# kreg jig or biscuit jointer



## ponch37300

I would like to get one of the two to fasten face frames of cabinets and other joints. I've never used a biscuit jointer. I have used a kreg jig before. There is a used porter cable 557 biscuit jointer at a local pawn shop for 110 bucks that looks to be in good shape. The kreg jig is 99 for one kit and 139 for the deluxe kit. So price being pretty close to the same which one do you prefere, or are they used in two totally different situations? Guess I'm just trying to figure out which one I would use the most and be better for me. I'm sure that each tool has it's purpose in woodworking but I can't afford both of them right now so would like to get one. Thanks


----------



## firefighteremt153

If I had to choose between the two, I would get the Kreg master system. I think it will serve you better than the biscuit joiner. I have both and I can't remember the last time I even open up the case to my biscuit joiner but I use the Kreg jig quit often.


----------



## KevinK

I have and use both, but for your purposes the kreg jig would be more appropriate. Besides there is always time to buy the biscuit jointer when you more funds. I would either go with the PC or the Lamello, but another option is the domino by festool. Just thinking of your future options 

Good Luck

Kevin


----------



## mrk5318

I recently saw a kreg jig setup in lowes that only cost $39.99. I don't know if it will have all that you are looking for but it came with the bit and the guide piece. They also had the kreg clamp for I think $19.99.


----------



## firehawkmph

Mrk,
I have both also. I use the Kreg jig about 50 times for every time I use the biscuit joiner. Nothing wrong with the p/c, but the kreg is much more versatile and a lot quicker. Also, 110.00 for a used p/c sounds like too much. I didn't pay a whole lot more than that for a new one. 
Mike Hawkins


----------



## Leo G

Simple.

Kreg Jig.


----------



## ponch37300

Thanks for making it "simple" guys! Looks like I'll be getting a kreg jig. I looked at the pc biscuit joiner on the home depot site and it said they are 220 brand new so I thought 110 wasn't that bad but I'll just get the kreg instead. Thanks again for your help.


----------



## cabinetman

You really don't need either. I don't want to be the party pooper, but what ever happened to traditional joinery? Take the money and buy a good book on joinery, and learn woodworking. Isn't that what this is all about?


----------



## Leo G

Maybe he wants to make money too.


----------



## cabinetman

Leo G said:


> Maybe he wants to make money too.



I made money without them.


----------



## Leo G

I have made a lot more with the Kreg jig than with "nice" joinery. When I make things for myself or other family members I use joinery. When I am competing for a job I need to limit joinery to things that matter. Mostly, the Kreg jig is used on face frames. And I glue all my FF to the carcasses (that are dadoed and glued). Having M&T would be a waste of time. If someone specifically asked, and was willing to pay, then they would get it.


----------



## cabinetman

Leo G said:


> I have made a lot more with the Kreg jig than with "nice" joinery. When I make things for myself or other family members I use joinery. When I am competing for a job I need to limit joinery to things that matter. Mostly, the Kreg jig is used on face frames. And I glue all my FF to the carcasses (that are dadoed and glued). Having M&T would be a waste of time. If someone specifically asked, and was willing to pay, then they would get it.
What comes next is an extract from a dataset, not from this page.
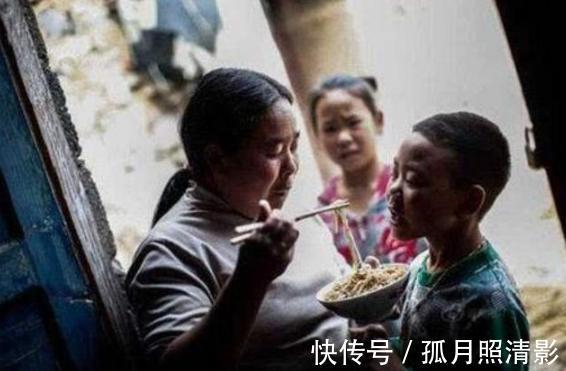 父母们|''家里没房间了'',70岁大妈被送养老院,哭诉生儿生女真的不一样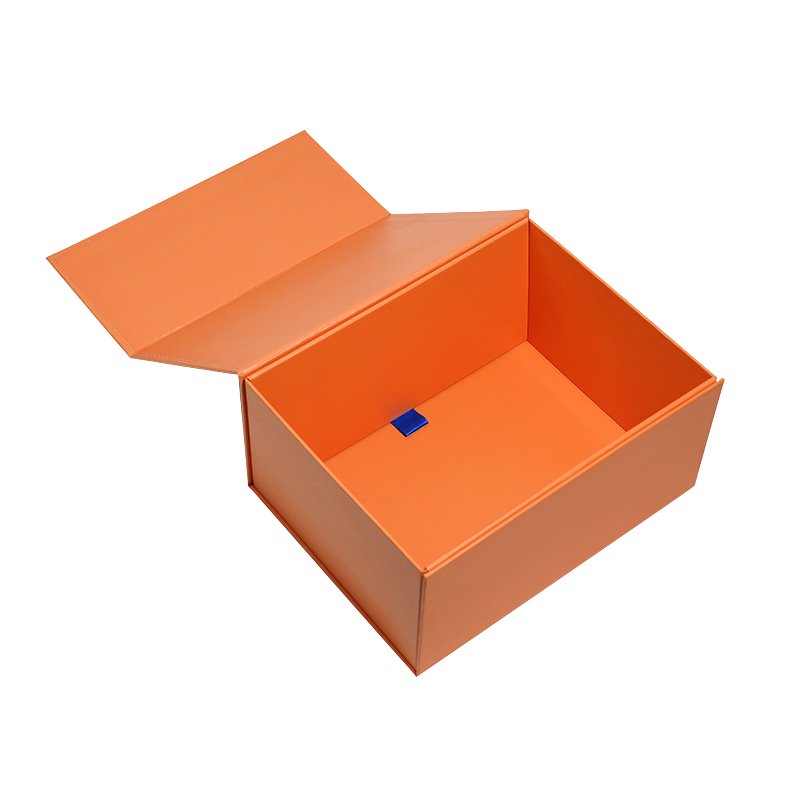 Customizable Luxury Foldable Gift Boxes Magnetic Lid Matt Lamination Stamping Folding Box Cardboard Present Paper Packing Box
Face frame joints don't have to be earthquake proof. Using PH's or biscuits may hold the joint until you glue to the carcass, but once on where are they going to go? 

We all have different types of clients, and if I delivered a cabinet with pocket holes, I'm sure the client would expect to see an IKEA sticker somewhere. Definitely not custom. Go to frameless construction and do without the hassle of the FF.












 





 






​


----------



## Leo G

I hate frameless. I think it is a cheap copout of a cabinet. Designed to be quick, cheap and material efficient.


----------



## cabinetman

Leo G said:


> I hate frameless. I think it is a cheap copout of a cabinet. Designed to be quick, cheap and material efficient.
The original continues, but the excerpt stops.